От Фихте до Ницше
Шрифт:
316
Разумеется, я не хочу сказать, что Шопенгауэр мог бы пожелать отказаться от своей теории мира как представления. Наоборот, он сделал на ней акцент. Не хочу я сказать и того, что шопенгауэровская картина мира оказалась бы приемлемой, если бы она была представлена в тех пределах, какие были только что указаны. Его анализ счастья как "негативного", если взять лишь один критический момент, кажется мне совершенно несостоятельным. Моя позиция скорее в том, что философия Шопенгауэра выражает "видение" мира, обращающее внимание на некоторые его аспекты. Возможно, это видение может быть сделано более ясным, если представить его философию в виде гипотезы, базирующейся на исключительном внимании к данным аспектам. Разумеется, это одностороннее видение или картина мира. Но именно вследствие ее односторонности и преувеличения она служит эффективным противовесом или антитезой такой системы, как у Гегеля, внимание в которой настолько сосредоточено на триумфальном шествии разума в истории, что зло и страдание мира затемняются высокопарными фразами.
Глава 14
ШОПЕНГАУЭР (2)
Эстетическое
– Добродетель и самоотречение: путь спасения.
– Шопенгауэр и метафизический идеализм.
– Общее влияние Шопенгауэра.
– Замечания о развитии философии Шопенгауэра Эдуардом фон Гартманом.
1
Корнем всякого зла для Шопенгауэра является служение воле, раболепство перед волей к жизни. Уже упоминался, однако, его тезис о том, что человеческий ум обладает способностью переступать в своем развитии меру, требующуюся для удовлетворения физических потребностей. Он может вырабатывать, так сказать, излишек энергии сверх и помимо энергии, необходимой для удовлетворения его первичной биологической и практической функции. Таким образом человек может освободиться от никчемной жизни желания и стремления, эгоистического самоутверждения и конфликтов.
317
Шопенгауэр описывает два способа освобождения от рабства у воли, один временный, некий оазис в пустыне, другой более длительный. Первый есть путь эстетического созерцания, путь искусства; второй - путь аскетизма, путь спасения. В этом параграфе нас интересует первый, путь освобождения при помощи искусства.
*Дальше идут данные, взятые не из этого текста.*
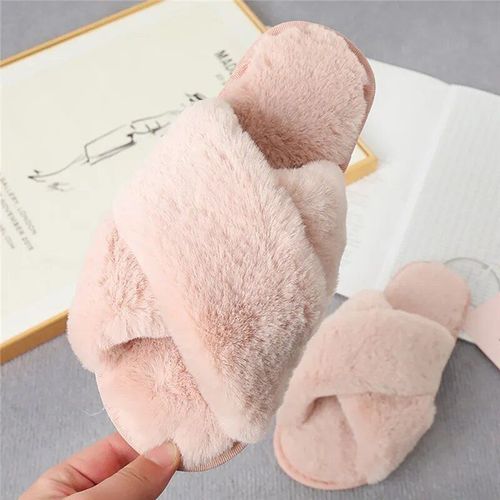 Chaussures Pantoufles Croisées En Fourrure Moelleuse Pour Femmestoboggans Pour La Maisonplateforme Intérieuretongs De Sol Plateschaussures Pour Dameshivermode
В эстетическом созерцании человек становится незаинтересованным наблюдателем. Это, конечно, не значит, что эстетическое созерцание неинтересно. Если, к примеру, я рассматриваю прекрасный объект в качестве объекта желания или того, что стимулирует желание, моя точка зрения не является точкой зрения эстетического созерцания: я "заинтересованный" наблюдатель. Фактически я - слуга или инструмент воли. Но я могу рассматривать прекрасный объект не как объект желания сам по себе и не как то, что стимулирует желание, а просто и исключительно ввиду его эстетической значимости. В таком случае я незаинтересованный, но, конечно, не скучающий наблюдатель. И я свободен, во всяком случае на время, от служения воле.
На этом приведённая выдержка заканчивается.